Oroville Chamber of Commerce president Claudia Knaus says that's hurting the area's economy.
"When people have the perception that there's no water, they don't come," she told KTVU. The lake is lower, but it's not dry, as some people might expect after seeing the pictures.
Bill Harper runs the Bidwell Canyon Marina and he says the perception and reality of the drought have caused a drop in business.
"Our attendance is probably down 40 percent, every bit of that," he told KTVU. "The drought is really impacting our business."
At this time of the year the lake level should be rising a foot a day thanks to spring runoff. With no snowpack, there's no runoff, and the lake is dropping a foot a day.
At capacity the lake covers about 15,000 acres. Right now there's about 10,000 acres of surface water which is still plenty for boaters. But the perception of a dried up hole where the lake should be persists.
Knaus says the internet photos cut both ways.
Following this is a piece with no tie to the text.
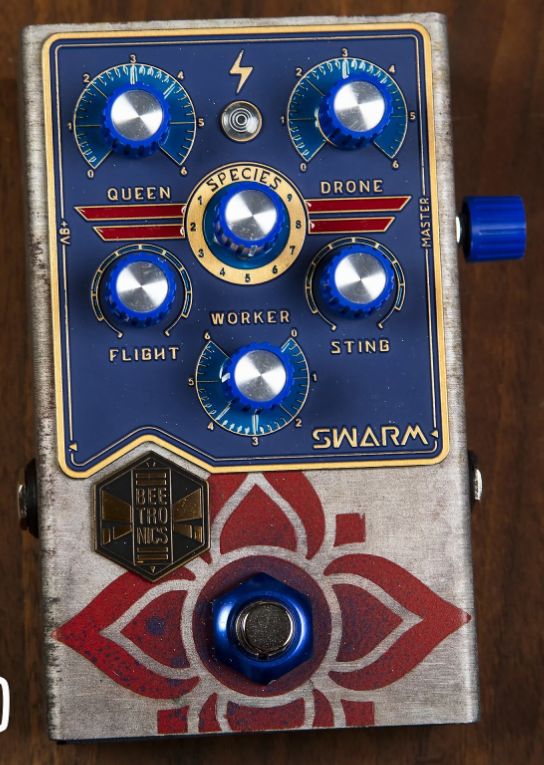 Beetronics Swarm Analog Fuzz Harmonizer Custom Shop "Blue Blossom"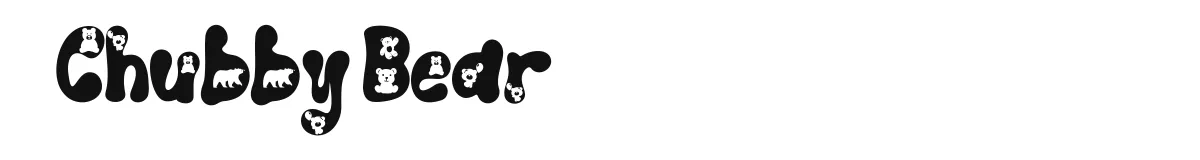 Chubby Bear original font preview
"On the bright side it's gotten Lake Oroville to be known and people know the name but of course the drama of those pictures of the lake being so low doesn't look good at all."
As the lake level drops, access on boat ramps worsens. Paved ramps only reach so far and by the summer's end it will be impossible to get boats in and out of the water.
Marina operators have asked house boat owners to park their boats on shore if they're not using them, to make way for others as the lake surface shrinks.
Maddie Blackburn and her family from Granite Bay were loading up their ski boat recently in preparation for a weekend on Lake Oroville.
"The water's gone down a lot," she told KTVU.
"Actually last night we woke up and could see cables coming out more than we did even last night so the water's definitely going down a lot."
She says her family usually boats on Lake Oroville about ten times a summer.
This year they expect to make about three trips before the lake level falls so low they won't be able to get their boat in. "It will be sad," she said.
The expectation of lower lake levels is having a ripple effect across Oroville. Kiran Paragja runs a 69 room motel.
"We're hanging in there and we're trying to do the best we can," he told KTVU.
He says the motel is packed during fishing tournaments. He's wondering if those tournaments will continue.
"The worst thing that can happen is they cancel all the tournaments that are coming up and that might be a possibility because there's not going to be any rain coming," he said.
Back at Bidwell Canyon Marina, Bill Harper says he hasn't had to lay off any of his 40 employees - yet.
"We're just a small part of this drought but people really need to start saving water and they need to start doing it today," he said.
In the meantime the people of Oroville are trying to get the word out - they have water, at least for now.